The Denyen are hypothesized to be Homer's "Danaans", referring to the Mycenaeans.
What consensus is there on this topic in general today? Any new revelations or theories as of late?
What consensus is there on this topic in general today?
The consensus, such as it is, is dealt with pretty well by Eric Cline in his book. (You can also check out the AMA he did.) His book is essentially an update to Robert Drews's The End of the Bronze Age: Changes in Warfare and the Catastrophe ca. 1200 BC (1993), if you want to get an idea of how scholarship has progressed over the course of twenty years. (As an aside, "Sea Peoples" is not a term used by the Egyptian sources themselves, and suggests a unity to this disparate group of peoples that is misleading, as Cline also writes on p. 1; see also Drews's book, pp. 48ff.)
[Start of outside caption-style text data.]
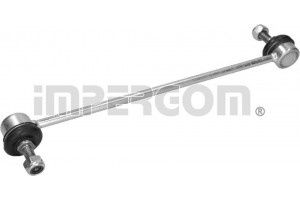 Original Imperium Ράβδος/στήριγμα, Ράβδος Στρέψης - 36361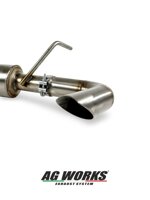 terminale-scarico-sportivo-suzuki-jimny-15-mk4-jb74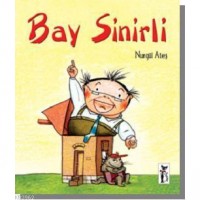 Bay Sinirli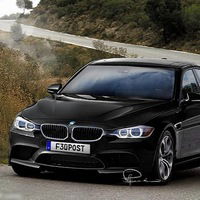 Илюха Владимиров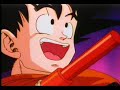 dbz-dmx party up in here dbz-dmx party up in here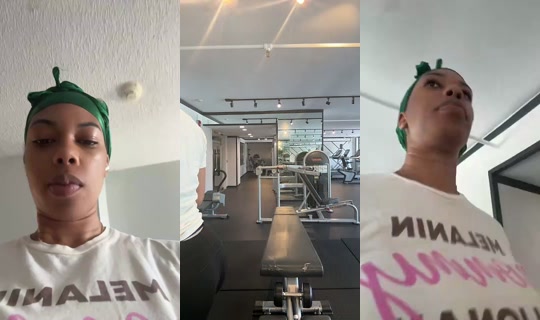 Wellkept_frenchi's Live Session — Jul 2, 2026, 6:06 PM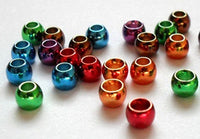 Pro-Tyer Brass Beads 24 Pack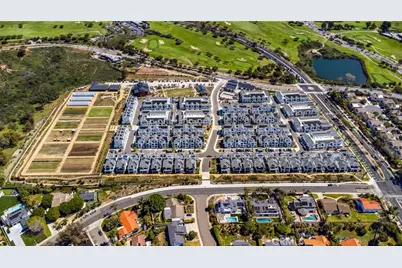 1103 Catania Ct. #207, Encinitas, CA 92024 - Photo 36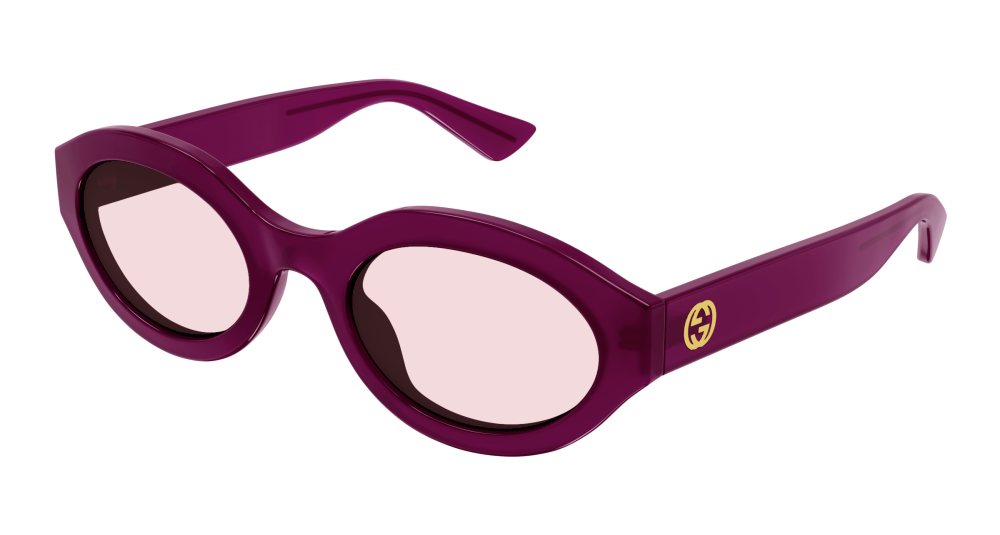 Gucci GG1579S-004 Gucci GG1579S-004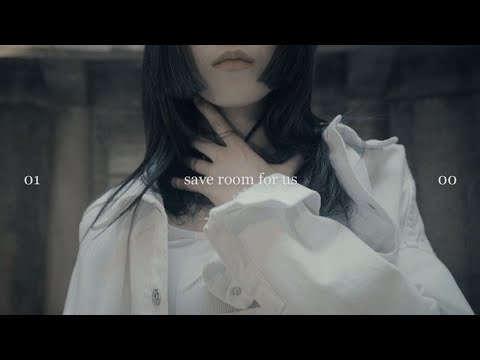 Tinashe, MAKJ - Save Room For Us / Tina Boo Choreography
But debates are obviously ongoing and unlikely to get settled in any definitive sense without further discoveries. It's always difficult/problematic to identity ancient peoples (or places) based on how their names – in Egyptian sources, in this case – look sort of similar to names from later times. I assume this is what you mean with "linguistic" evidence, since there's no record of the languages that any of these peoples spoke (the Egyptians refer to people from the north, etc., but that's it).
For example, the Ekwesh (or Eqwesh) mentioned in Egyptian sources have been equated with "Achaeans" (one of the terms used by Homer to denote the Greeks in general), and from this then follows that Ekwesh = Mycenaeans. But the fact that the Ekwesh are specifically mentioned as lacking foreskins (see the transcription in Cline's book, p. 7) would argue against this interpretation, since as far as we know (and can tell from Aegean iconography), Mycenaeans weren't circumcised.
Then there are the Peleset (= Philistines), a name that isn't easily linked to anything from the Aegean, who seem (!) to be associated with Mycenaean pottery in their Levantine settlements (cf. Cline's book, p. 157), and so -- the argument goes -- may have come from the Aegean. But associating "pots with people" is a perennial problem in archaeology, because material culture cannot be connected simply with ethnic identity.